One problem with the Presidential political season starting so early, in this case two years before the election, is that the landscape can change dramatically. Democrats who started out with hard anti-war positions when things looked bad in Iraq are now having to deal with a new reality
For the first time in a long time, nearly half of Americans express positive opinions about the situation in Iraq. A growing number says the U.S. war effort is going well, while greater percentages also believe the United States is making progress in reducing the number of Iraqi casualties, defeating the insurgents and preventing a civil war in Iraq.

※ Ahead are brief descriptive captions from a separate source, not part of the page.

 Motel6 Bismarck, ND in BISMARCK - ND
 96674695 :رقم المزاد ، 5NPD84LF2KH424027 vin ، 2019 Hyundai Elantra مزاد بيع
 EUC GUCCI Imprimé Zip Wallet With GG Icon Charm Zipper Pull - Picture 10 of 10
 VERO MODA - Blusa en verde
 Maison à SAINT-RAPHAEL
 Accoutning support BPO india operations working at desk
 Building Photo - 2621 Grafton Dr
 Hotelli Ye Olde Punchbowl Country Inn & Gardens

Roughly half of the public (48%) believes the U.S. military effort in Iraq is going very or fairly well. Judgments about the overall situation in Iraq have been improving steadily since the summer. As recently as June, only about a third of Americans (34%) said things were going well in Iraq.
The landscape at the beginning also had Bush approval ratings low, and the newly elected Democratic Congress high. But the that's changed as well
Gallup's latest poll finds only one in five Americans approving of the job Congress is doing at this time. The public's rating of Congress had shown slight improvements in recent months, but the current rating is down again and is among the lowest that Gallup has ever measured dating back to 1974.
And the support for the anti-American meme most likely to be promoted by the Hard Left Wing of the Democratic Party represented by the "netroots" folks is also very soft from a general election perspective
Why doesn't Hollywood cut to the chase the next time it wants to insult the public with a new war-on-terror film and just call it "Bombs Away"? As movies depicting U.S. troops as bad guys and terrorists as sensitive, misunderstood souls continue to crank out, the industry needs to take its puny box office returns as a wake-up call from the public.
Despite top star billings, big-foot directors, the best publicity money can buy and critical acclaim, the public just isn't biting. The problem is the content.
"Redacted," gave us the Christmasy theme of Iraqi rape starring U.S. troops as rapists. It drew just $10,039 over the Thanksgiving weekend, according to BoxOfficeMojo, and $34,000 at its open.
Meanwhile "Rendition," which showed terrorists as pensive souls, bombed too. "A Mighty Heart," depicting terrorists' war on the West as "understandable," was a dud. "Syriana," portraying U.S. intelligence officers as crooks in bed with Big Oil, also fared poorly. "Lions For Lambs," a long anti-war monologue, bored people out of the Cineplex.
Critics say the lousy returns show the public is fatigued with the war. But name one film supportive of the U.S. war in Iraq, making heroes of the war's real heroes, such as our troops or even Iraq's democrats. Name one that portrays al-Qaida terrorists as the cold-blooded Islamofascist killers they really are.
The public isn't sated on good Iraq films; in reality, it's famished.
There is little support for failure in Iraq and there is little support for the Democratic leadership. The issues for the 2008 election will likely be less about Iraq than about Security, Illegal Immigration, and Health Care. And because of this, Democrats are attempting to retool their message
The focus of the presidential campaign, especially on the Democratic side, has broadened as well. Even antiwar groups that once denied that security has gotten better have recalibrated their arguments to focus on the failed efforts to reach political conciliation among Iraqi factions or the risk of war with Iran. The shift has strategists in both parties reevaluating their assumptions about how the final year of the Bush presidency and the election to succeed him will play out.
But the question is, can Democrats make the public forget that they advocated defeat? That they wanted to throw in the hat and leave the battlefield to al Qaida and the inevitable slaughter of the Iraqis who supported us and believed we would help them establish a government responsible to the people?
That they advocated for a Saigon scenario?
What's worse for the Democratic slate is if they retool their message too much, how people be able to to take seriously their new message?